* **Work to be completed**: No pictures belong in the copy. Reproduce exactly the lines beginning at the line containing "information" and continuing to the end of the entries below.

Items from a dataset
___

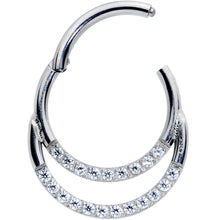 Load image into Gallery viewer, 16G 3/8 Clear CZ Gem G23 Titanium Double Row Cartilage Clicker
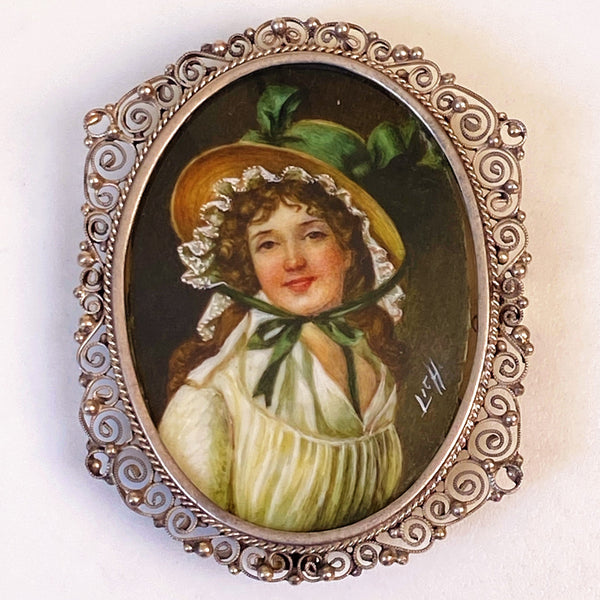 Antique Silver Brooch with Hand-painted Miniature of a Lady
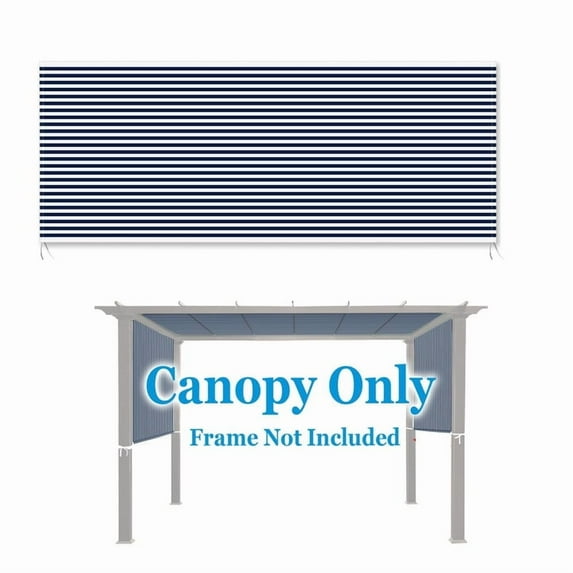 SUNRISEUMBRELLA 18' x 8.2' Universal Replacement Canopy Top Cover for Pergola Structure(Canopy Only)(Blue with White)
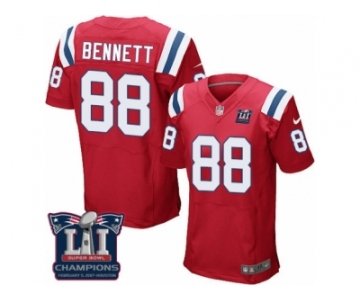 Men's Nike New England Patriots #88 Martellus Bennett Elite Red Alternate Super Bowl LI Champions NFL Jersey
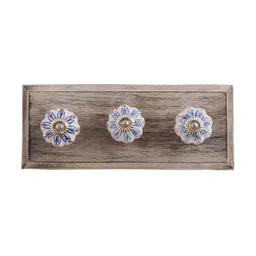 Indianshelf Blue & Brown Lotus Wall Hooks Key Holder-image-92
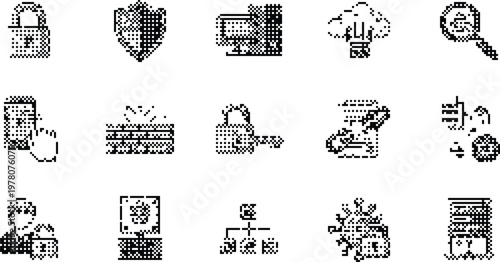 Gradient Background Halftone Pixeleted Bitmap Dither Cyber Security Icons Vector Illustration Set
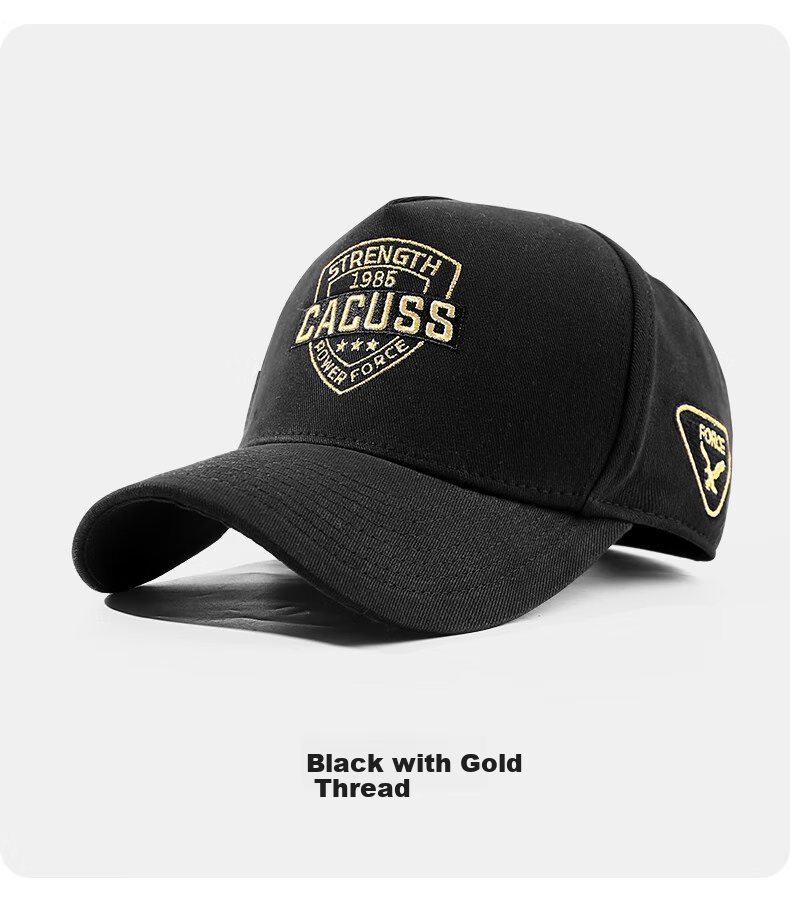 CACUSS Baseball Cap for Men, All-Season Style, Visor Hat, Sun Hat, High Crown, Large Head Circumference, Outdoor Sports Cap for Men, Black And Gold Medium 10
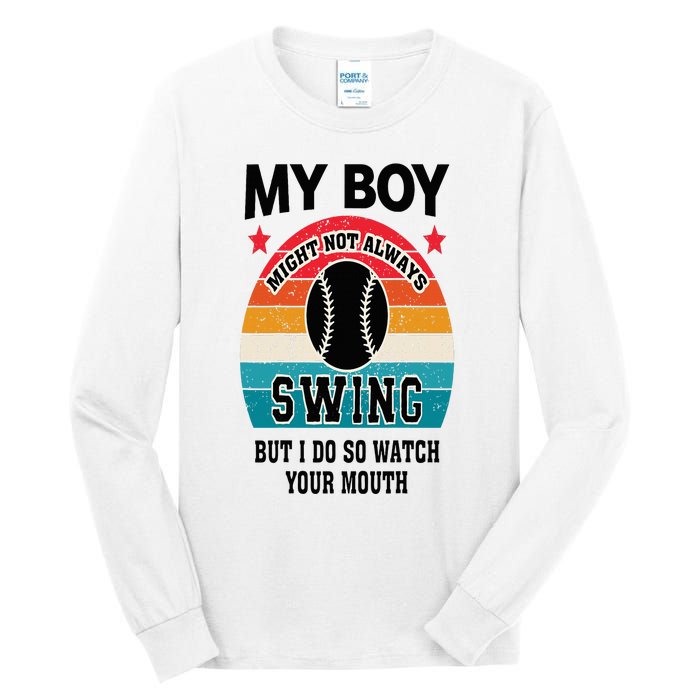 Funny Protective Baseball Mom Sport Mama Game For Mother Tall Long Sleeve T-Shirt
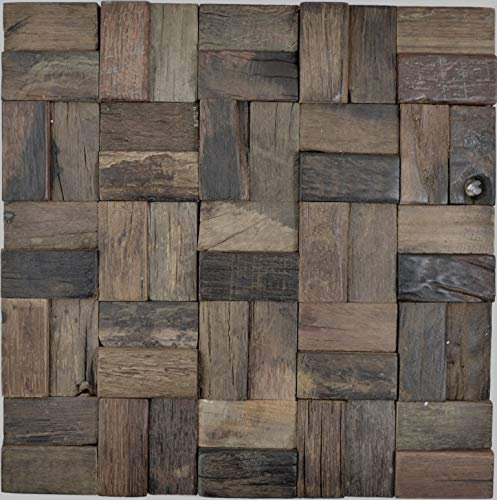 Holz Mosaik Parkett boot OLD Wood Holz FSC Wand Küche Bad Fliesenspiegel|WB160-25|1Matte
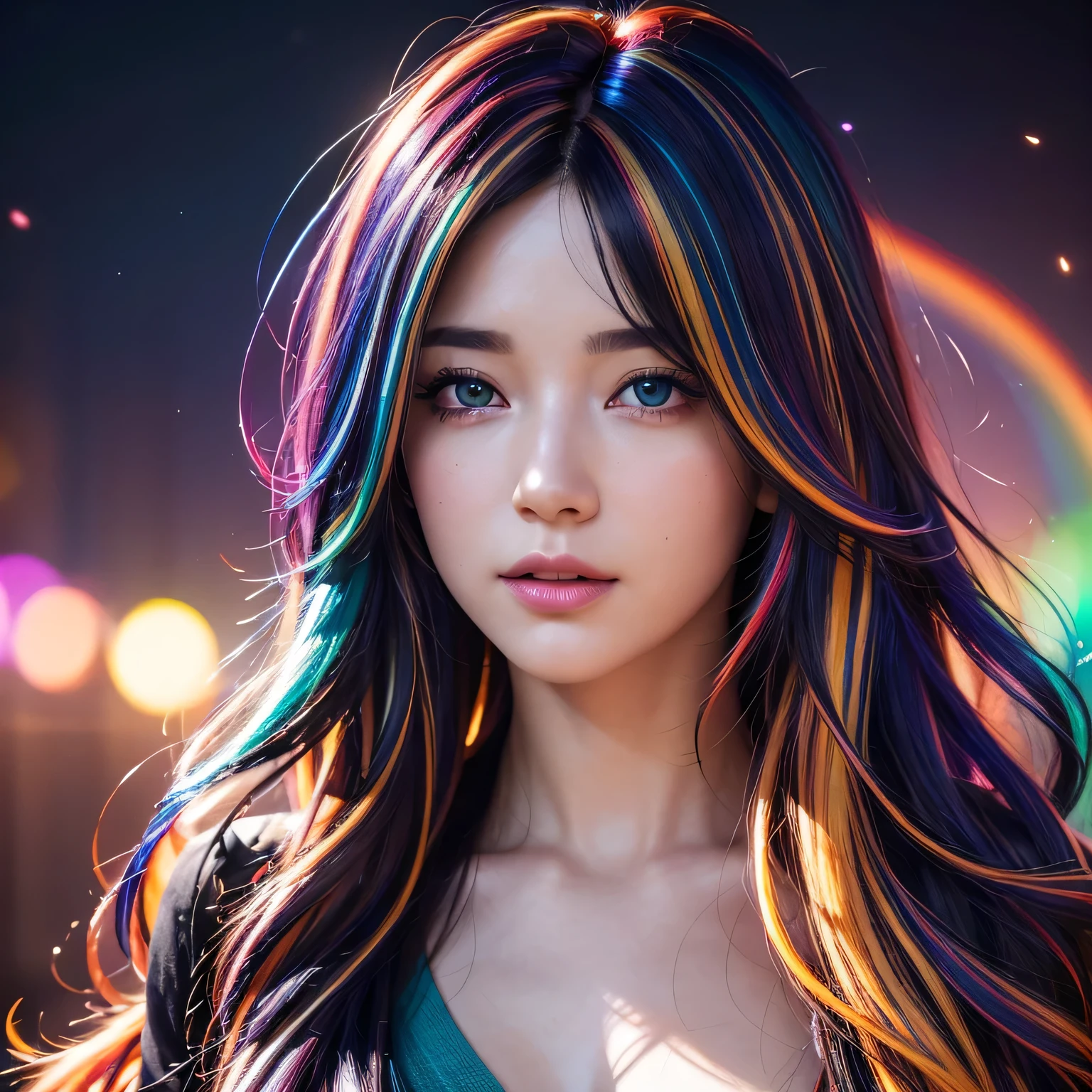 {{Masterpiece}}, best quality , Highly Detailed CG Unity 8K Wallpaper , cinematic lighting, lens flare, beautiful eyes in every detail , black, Sideline, multi-colored hair , colorful light, particle, Heterochromia, ( colorful :1.5), ( colorful hair:1.5),
information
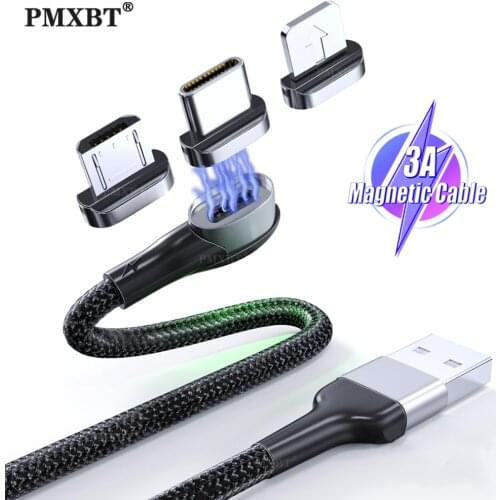 90 Degree Magnetic USB C Cable For iPhone 11 Pro X Samsung S10 Huawei P40 P30 Magnet Charger Cable Fast Charging Micro USBC Cord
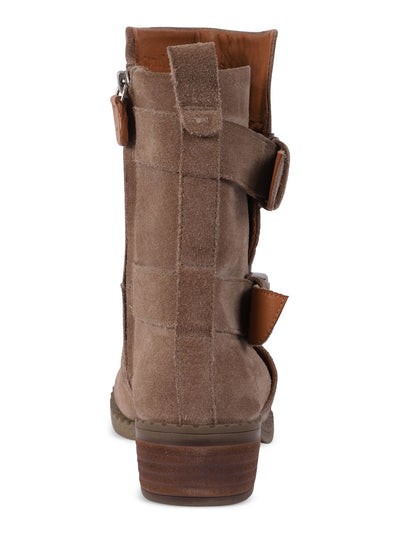 GENTLE SOULS KENNETH COLE Womens Brown Pull Tab Cushioned Buckle Accent Best Double Buckle Round Toe Block Heel Zip-Up Leather Boots Shoes 6.5 M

___

* **Exercise result**:
information
 90 Degree Magnetic USB C Cable For iPhone 11 Pro X Samsung S10 Huawei P40 P30 Magnet Charger Cable Fast Charging Micro USBC Cord
 GENTLE SOULS KENNETH COLE Womens Brown Pull Tab Cushioned Buckle Accent Best Double Buckle Round Toe Block Heel Zip-Up Leather Boots Shoes 6.5 M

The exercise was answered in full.